And, then there is the unfortunate circumstance with SSH servers that support neither ECDSA nor Ed25519. In this case, you must fall back to RSA with much larger key sizes. An absolute minimum is the modern default of 2048 bits, but 3072 is a wiser choice:

ssh-keygen -o -a 100 -b 3072 -t rsa

Then in the most lamentable case of all, when you must use old SSH clients that are not able to work with private keys created with the -o option, you can remove the password on id_rsa and create a naked key, then use OpenSSL to encrypt it with AES256 in the PKCS#8 format, as first documented by Martin Kleppmann (martin.kleppmann.com/2013/05/24/improving-security-of-ssh-private-keys.html). Provide a blank new password for the keygen utility below, then supply a new password when OpenSSL reprocesses the key:

$ cd ~/.ssh

$ cp id_rsa id_rsa-orig

$ ssh-keygen -p -t rsa
Enter file in which the key is (/home/cfisher/.ssh/id_rsa): 
Enter old passphrase: 
Key has comment 'cfisher@localhost.localdomain'
Enter new passphrase (empty for no passphrase): 
Enter same passphrase again: 
Your identification has been saved with the new passphrase.

$ openssl pkcs8 -topk8 -v2 aes256 -in id_rsa -out id_rsa-strong
Enter Encryption Password:
Verifying - Enter Encryption Password:

mv id_rsa-strong id_rsa
chmod 600 id_rsa

After creating all of these keys on a newer system, you can compare the file sizes:

$ ll .ssh
total 32
-rw-------. 1 cfisher cfisher  801 Aug 10 21:30 id_ecdsa
-rw-r--r--. 1 cfisher cfisher  283 Aug 10 21:30 id_ecdsa.pub
-rw-------. 1 cfisher cfisher  464 Aug 10 20:49 id_ed25519
-rw-r--r--. 1 cfisher cfisher  111 Aug 10 20:49 id_ed25519.pub
-rw-------. 1 cfisher cfisher 2638 Aug 10 21:45 id_rsa
-rw-------. 1 cfisher cfisher 2675 Aug 10 21:42 id_rsa-orig
-rw-r--r--. 1 cfisher cfisher  583 Aug 10 21:42 id_rsa.pub

Although they are relatively enormous, all versions of OpenSSH that I have used have been compatible with the RSA private key in PKCS#8 format. The Ed25519 public key is now small enough to fit in 80 columns without word wrap, and it is as convenient as it is efficient and secure.

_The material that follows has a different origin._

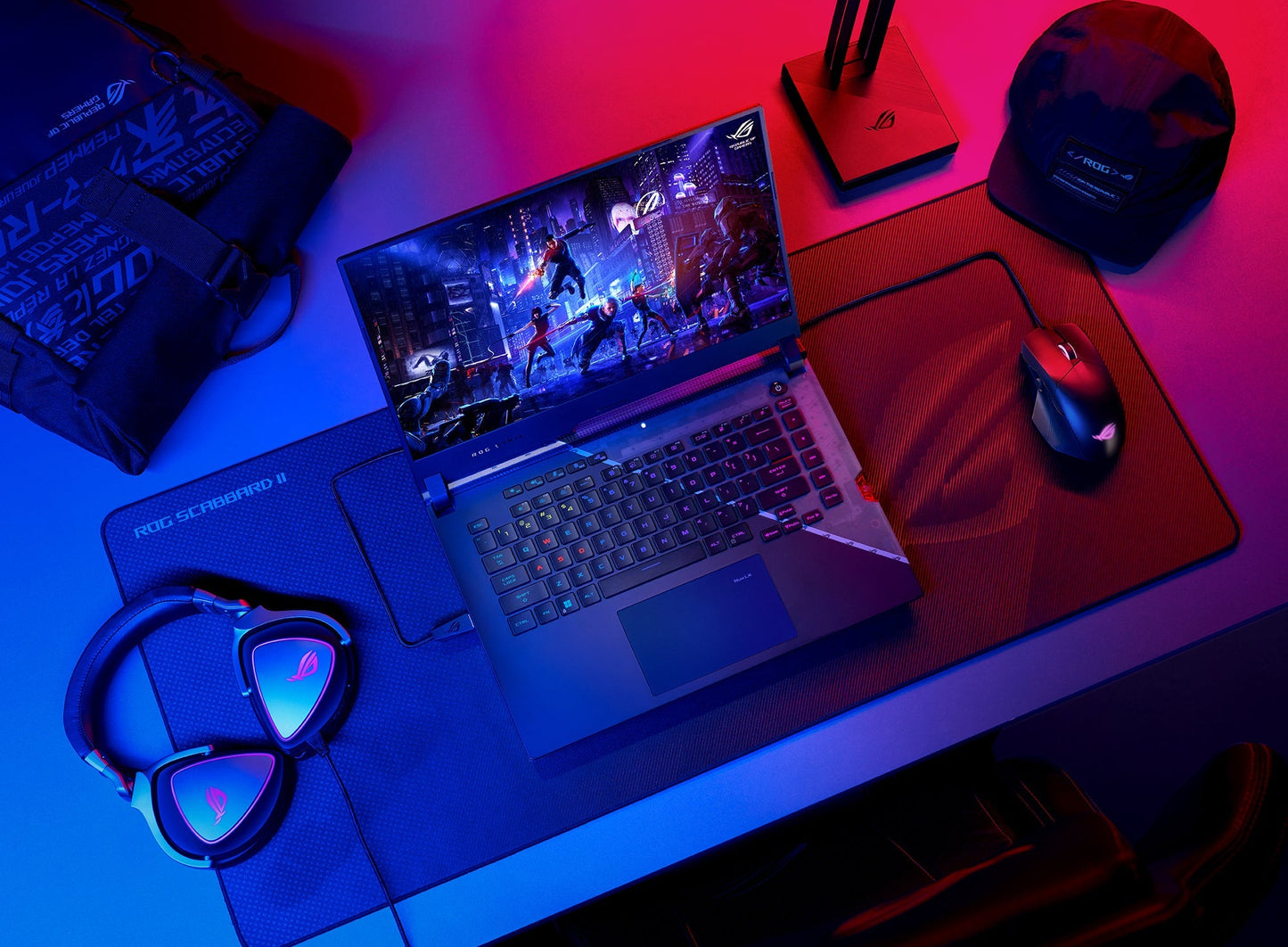 ASUS ROG Strix Scar 17 17.3" Gaming Laptop, Intel Core i9-12900H, NVIDIA RTX 3070 Ti, 16GB DDR5 RAM, 1TB SSD (Off Black)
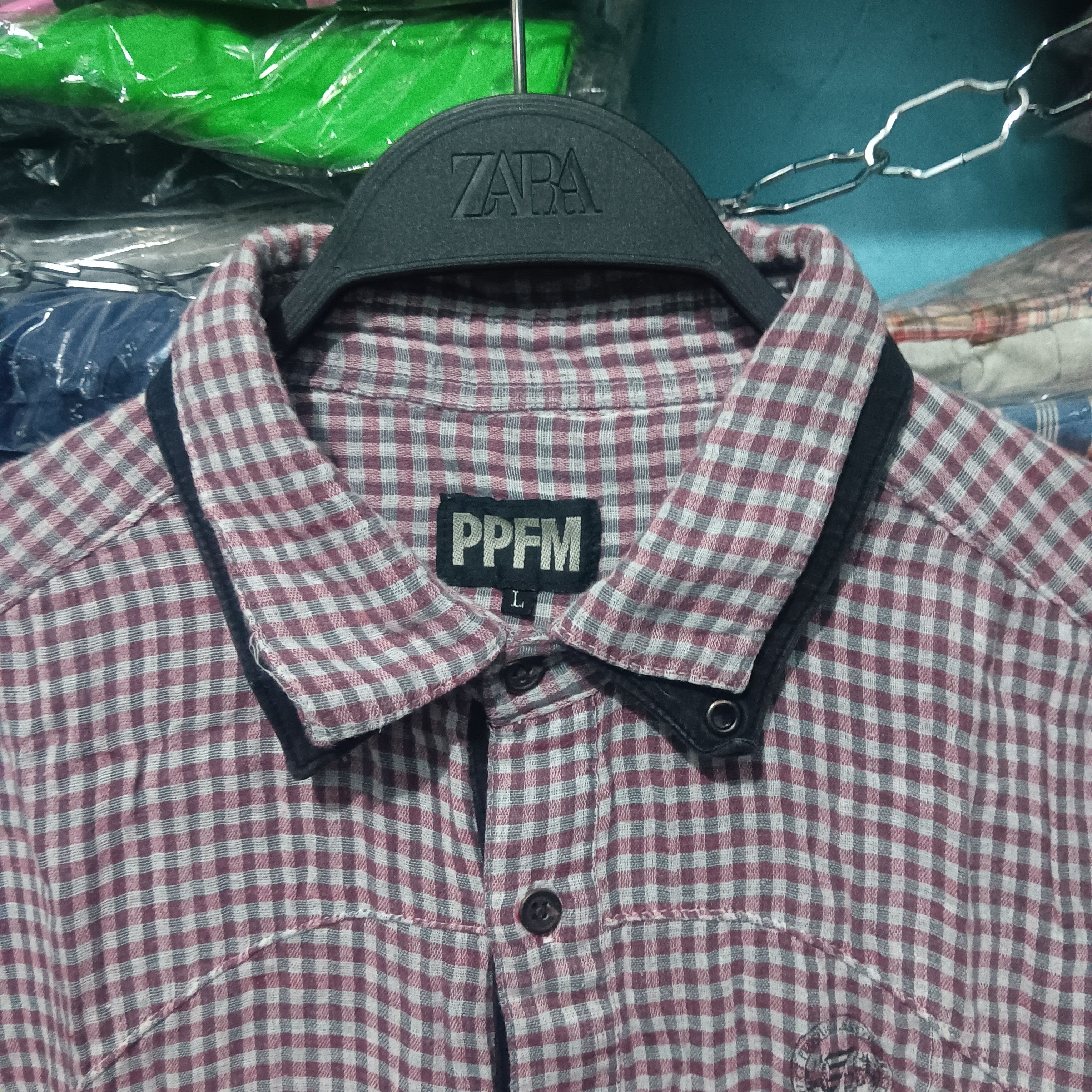 Japanese Brand × PPFM PPFM double pocket shirt button Size US M / EU 48-50 / 2 - 2 Thumbnail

Note that PuTTY may have problems using various versions of these keys, and you may need to remove passwords for a successful import into the PuTTY agent.

These keys represent the most secure formats available for various OpenSSH revisions. They really aren't intended for PuTTY or other general interactive activity. Although one hopes that all users create strong keys for all situations, these are enterprise-class keys for major systems activities. It might be wise, however, to regenerate your system host keys to conform to these guidelines.

These key formats may soon change. Quantum computers are causing increasing concern for their ability to run Shor's Algorithm (https://en.wikipedia.org/wiki/Shor's_algorithm), which can be used to find prime factors to break these keys in reasonable time. The largest commercially available quantum computer, the D-Wave 2000Q (https://www.dwavesys.com/d-wave-two-system), effectively presents under 200 qubits for this activity (https://crypto.stackexchange.com/questions/40893/can-or-can-not-d-waves-quantum-computers-use-shors-and-grovers-algorithm-to-f), which is not (yet) powerful enough for a successful attack. NIST has announced a competition for a new quantum-resistant public key system with a deadline of November 2017 (https://yro.slashdot.org/story/16/12/21/2334220/nist-asks-public-for-help-with-quantum-proof-cryptography). In response, a team including DJB has released source code for NTRU Prime (https://ntruprime.cr.yp.to/index.html). It does appear that we will likely see a post-quantum public key format for OpenSSH (and potentially TLS 1.3) released within the next two years, so take steps to ease migration now.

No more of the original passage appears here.